I noted their styles, their skills, the weapons each preferred. I knew the number of kills; I could tell you who would be nervous before a match and who would be overconfident. I could enumerate the placement of the scars on their bodies and what weapons had put them there. I could analyze for you their performances in-and out of-the arena.
There are a few others in Zucchabar who pursue this same hobby, it is true. I suppose I pursue it more avidly and more often than the rest.
But then I can afford to---I am a rich lady.
At least by the standards of this sandy slice of hell; certainly rich enough to buy the services of any gladiator here, whenever and as often as I wish.
Proximo sought me out after his fighters were finished. It wasn't difficult for him to find me; I purposely wear bright colors and flamboyant trimmings. Perverse of me, I know. Those who pass me on the street would avert their gaze, and so I wear red-"Ignore this, you pig,"-when really, being stared at is the last thing I want.

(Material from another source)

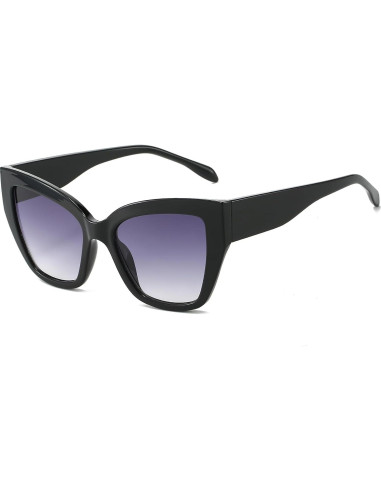 Gafas de sol estilo gato BRMHDY UV400 para mujeres - Negro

I no longer waste my time trying to understand why I do what I do.
"Greetings, Lady," Proximo said, "and are you now interested in our little preliminary matches?"
I couldn't tell if he was mocking me or not. Probably not-he's too shrewd a businessman to take the chance of alienating one of his best customers. I noticed he was careful to seat himself to my right. It amused me; I had not thought him squeamish.

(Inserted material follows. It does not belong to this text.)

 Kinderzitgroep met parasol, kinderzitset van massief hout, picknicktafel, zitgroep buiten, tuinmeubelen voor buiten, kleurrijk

"Not the most exciting battle I've ever seen."
He inclined his head. "Not much here to your taste today, I'm afraid."
"You mean of the few that are left? Why do you waste them that way?"
He ignored that as the idle question it was; for Proximo, the answer to every question that began with "Why?" was money and we both knew it.

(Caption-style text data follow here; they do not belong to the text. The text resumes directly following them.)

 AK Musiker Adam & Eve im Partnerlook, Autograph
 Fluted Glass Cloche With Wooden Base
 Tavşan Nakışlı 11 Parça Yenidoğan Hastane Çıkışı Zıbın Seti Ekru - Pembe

"Except perhaps the black. Did you notice him? He might not be quite domesticated yet, although he's caused no problems. Or of course the German is available. I believe you have said he's always satisfactory."
"What about the other one? The black's partner?"
"The Spaniard?" He made a dismissive gesture. "I wasn't even sure he would fight. He's one of those who have difficulty settling; he may be a problem. He's stubborn."
"You did notice that even without a weapon, he killed his first man quicker than the black who had a sword?"
He lifted an eyebrow. "Could have been luck."
"It could have been," I agreed. "You say he's difficult-then he has not always been a slave. What was he before?"
He shifted uncomfortably on his seat. Why, I wondered. "He had the mark of the Legion on his arm when I bought him."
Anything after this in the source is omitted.